● Required work:
Leaving the pictures aside, reproduce the data in full and word for word.

● Information provided:

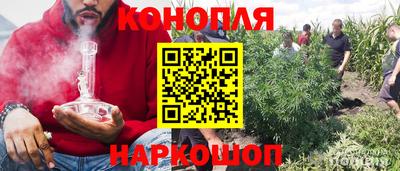 a pvp Шебекино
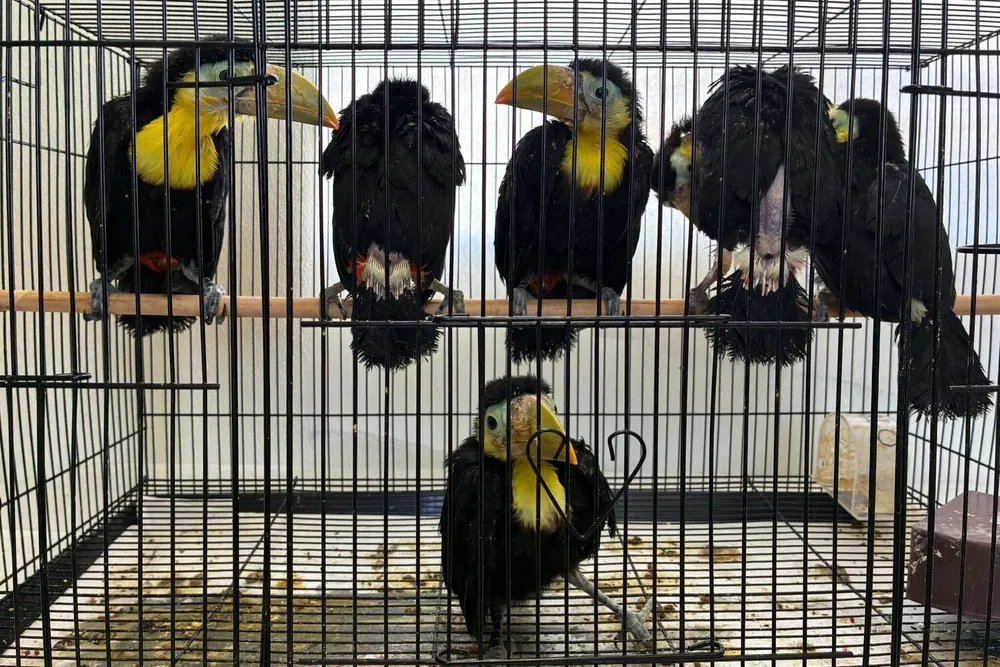 six toucans in a cage
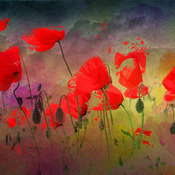 Poppies In The Breeze Cross Stitch Pattern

● Task output:
 a pvp Шебекино
 six toucans in a cage
 Poppies In The Breeze Cross Stitch Pattern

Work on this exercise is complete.